Ahora no, que hemos mejorado en progresía y talante. Ahora ya no tiene la culpa
el chachachá, la culpa la tiene el buen tiempo. Ese es el que tiene la culpa de
todo. Hasta de los seres humanos que mueren diariamente en Siria. ¿Quién tiene
la culpa de los muertos de Siria? A diario. Desde que se inició la maldita guerra,
todos los días mueren decenas de personas, de promedio. Eche usted la
cuenta a ver cuántos muertos suma ya ese total horripilante. Nadie tiene la
culpa. De nada. Todo el mundo es inocente (libre de culpa). Existe un
endemoniado empeño humano en la autoexculpación. ¿Por qué la cosa mediática no
descubre las causas de la(s) guerra(s) que asolan ahora mismo el mundo? Porque
la causa conlleva culpa. Y no se quiere señalar con el dedo público al
culpable. Las fábricas de armas, los traficantes de armas, los Gobiernos que
sanean sus déficits públicos con la venta de armamento serían descubiertos y
señalados como culpables. Adiós a la estabilidad económica y al bienestar
ciudadano. El poderío económico se vendría abajo y el valor del euro y del
dólar quedaría capitidisminuído. Horror. ¿Qué sería de nosotros? Nadie podría
comprar coche nuevo, nadie podría consumir medio sueldo en carburante y el otro
medio en portátiles, MPG3, móviles y pantallas flat. Nadie podría salir el fin
de semana ni durante los puentes multiojos a disfrutar del ocio y el buen
tiempo. Si es que se admite el concepto de buen tiempo que conviene al gentío dedicado
al ocio, la excursión y el viaje a la playa. Ya se sabe, cielo azul, ausencia
de nubes, temperatura agradable. A disfrutar del ocio y a
desarrollar el masoquismo, esa complacencia en sentirse maltratado,
aprisionado, confinado en los dilatados embotellamientos de la carretera durante horas.

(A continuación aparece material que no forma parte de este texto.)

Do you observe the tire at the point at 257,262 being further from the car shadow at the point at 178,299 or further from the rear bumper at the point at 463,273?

El ser humano se siente interiormente frustrado y tiende a equilibrar sus
desasosiegos con la huída. En realidad cada uno huye de sí mismo. Debemos de
estar horriblemente deformados, mutilados, rotos en mil pedazos, como para provocarnos
ese pánico que nos impulsa a huir de nosotros mismos. Así que, hala, a la
carretera. Miles de automóviles atrapados en los atascos. Tráfico lento
con paradas intermitentes, nivel amarillo, mientras cerca de medio millón de
automovilistas tardaba seis horas en recorrer 70 kilómetros el pasado viernes. Los periodistas, tan inocentes, van y le preguntan al Gobierno que quién tiene la culpa. Naturalmente, el Gobierno se los sacude de encima (sin dejar de sonreír, eso sí) como a moscas
cojoneras y asegura con aplomo que la culpa de los atascos la tiene el buen
tiempo. Cielo azul, ni gota de lluvia, temperatura soportable. Ha sido un
ejercicio conspicuo de pérdida de memoria meteorológica, aunque no del todo.
Porque cuando las duras nevadas del invierno pasado atascaron en las carreteras
a los automovilistas de la mitad de España, el Gobierno también le echó la
culpa al tiempo. Entonces fue el mal tiempo: nieve, lluvia, viento y
temperatura insoportable. ¿Qué masoquismo (otra vez) estimula la huída
generalizada del personal y lo lanza a
la carretera, y encima sin cadenas y sin gorro de lana? La culpa la tuvo el mal
tiempo. Mientras tanto, en un ejercicio político de infantilismo no superado,
el PSOE se erige en culpator y hace
recaer la acción de la culpa en el Gobierno y en la DGT, a los que señala como culpatus aunque éstos atribuyan al gentío
la cagada de desplazarse por culpa del buen tiempo.